Is Hair Colour Really an Indication of Personality?
Stereotypes have been part and parcel of everyday life for much of mankind’s existence. Read as far back into history and you’ll find that prejudice and inappropriate assumptions are more or less embedded in the fibre of human nature.
Even today, it is a problem that perpetuates on a global basis.
For example, speak to any hairdresser in Fitzrovia and they will tell you just how many people make assumptions based entirely on your hair colour. We consider ourselves an advanced and educated society, but millions continue to believe hair colour alone is an indication of a person’s character.
At the risk of jumping immediately to the conclusion, all such assumptions are wrong, unfounded and completely nonsensical. Hence, the answer is no – hair colour is by no means an indication of personality.
The Roots of Hair Colour Stereotypes
Judging people entirely (or partially) by their hair colour is nothing new. For example, blonde hair was considered a symbol of love, desire and beauty by the Ancient Greeks. By contrast, sex workers in Ancient Rome were required by law to dye their hair blonde (or wear a wig) to identify themselves.
As for redheads, having red hair is supposedly a sign of countless character traits. Some associate red hair with having a fiery temper, some genuinely find red hair intimidating and others instinctively believe those with red hair have a superior intellect.
It’s the same with brunettes – the stereotype suggesting they don’t have ‘as much fun’ as blondes, but are nonetheless smarter by design.
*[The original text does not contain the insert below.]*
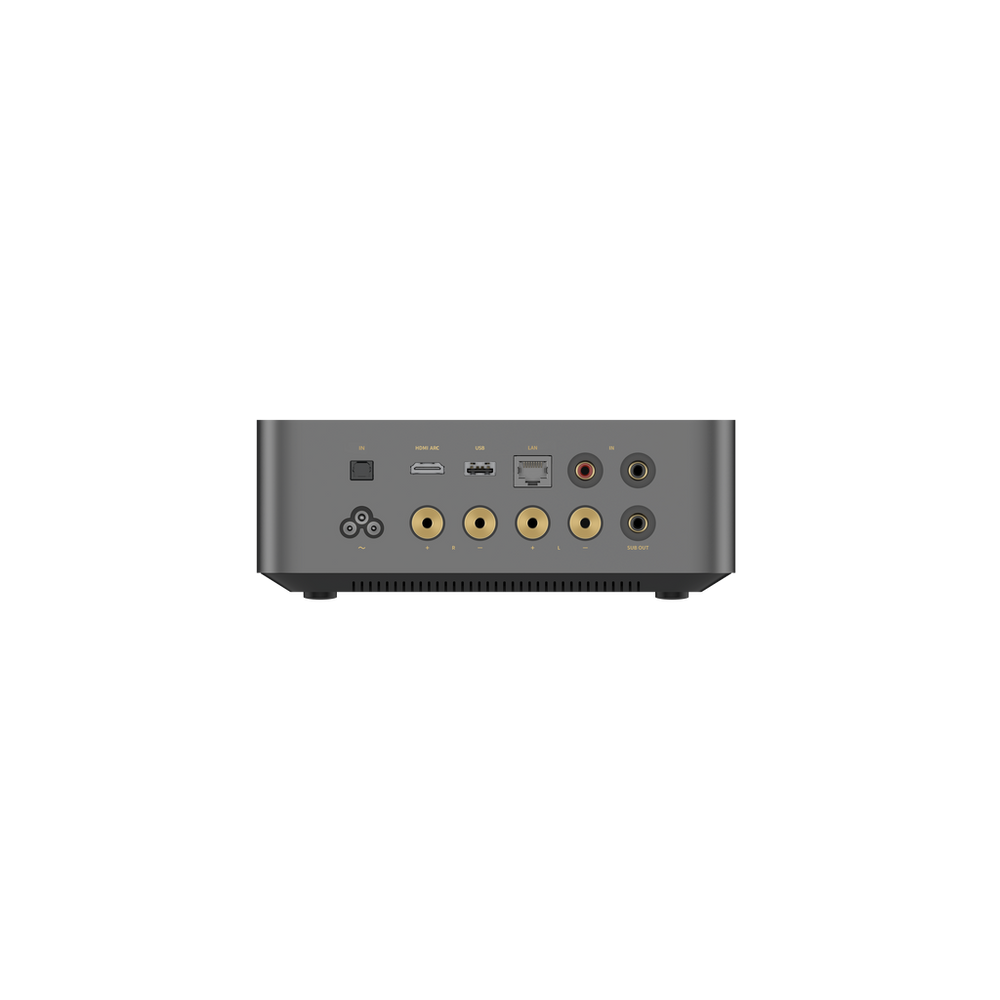 WiiM - Amp Ultra Power Hub - Audio Streaming Amplifier Australia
To be frank, it doesn’t take a genius to figure out that claims and assumptions like these are laughable at best, though potentially harmful and insulting at worst. Nevertheless, research into the whole phenomenon has shown that despite conclusive evidence to the contrary, assumptions and presumptions still perpetuate quite painfully.
Blondes vs Brunettes
As you would expect, much of it has to do with popular culture and the way people are portrayed. For example, blondes currently make up around 26% of the US female population. Yet in Vogue magazine and Playboy, the percentage of blondes featured is 35.7% and 41.2% respectively.
Incredibly, a study carried out in France found that if a blonde was waiting to cross the road, around 19% of men said they would stop. By contrast, less than 14% said they’d stop to let a brunette cross.
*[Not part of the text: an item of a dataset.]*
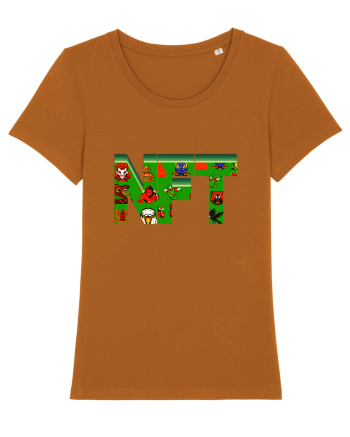 NFT Pixel Art Roasted Orange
Blondes were found to be far more likely to be approached in nightclubs than brunettes, while blonde waitresses earned around 8% more in tips than their brunette counterparts.
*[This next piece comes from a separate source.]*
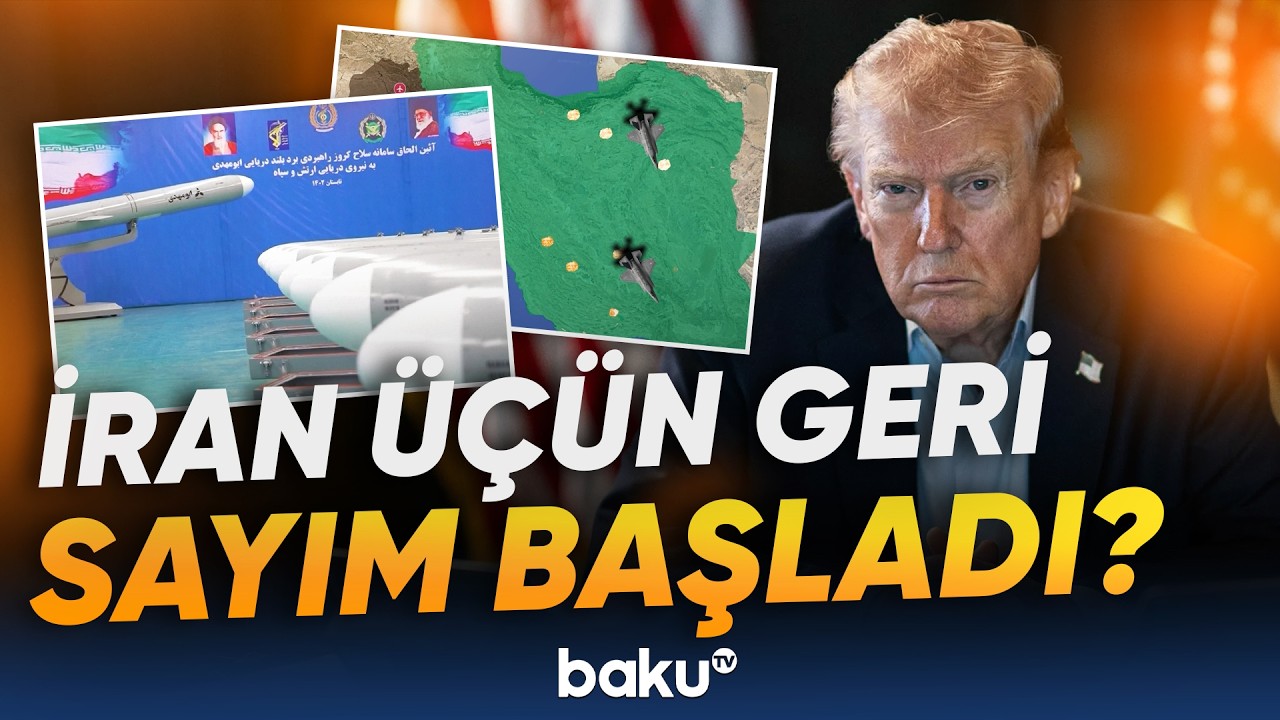 ABŞ və İsraillə hərbi gərginlik İrana baha başa gələcək? - Baku TV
Conversely, just 5% of CEOs in the top 500 FTSE listed companies at the time of the study were found to be blonde – 88% of women agreeing that having blonde hair instantly puts you at a disadvantage at a job interview. 76% said they believed brown hair would give them an advantage, while 81% of men presented with a series of photographs judged brunettes to be more intelligent.
Far from one-sided assumptions based on gender, 67% of women admitted that if they were in charge of a company and had to hire a person based on their hair colour, they would hire a brunette.
Again, all despite the fact that science hasn’t drawn a single link between hair colour and intelligence at any point in human history.
Are Redheads Really Hot Tempered?
The short answer is no, but the fact that so many people make this assumption could explain why some redheads get hot under the collar when the suggestion is made.
Increasingly, red hair is becoming one of the most desirable colours for women of a variety of ages. Though it hasn’t always been this way – surveys suggesting that most women still see red hair as disadvantageous. In fact, just 3% of women when polled believed red hair would make a good first impression at a job interview.
Redheads also took a backseat to blondes and brunettes in terms of perceived attractiveness among those polled. Which is interesting, given how a separate study found that redheads were typically interpreted as more feminine than brunettes.
Redheads (on average) were also found to have more sex on a weekly basis than both blondes and brunettes – an unexpected finding to spice up the discussion!
No Basis, No Science, No Sense
Revisiting the initial question, the answer is a clear and decisive no – hair colour is in no way indicative of character or personality.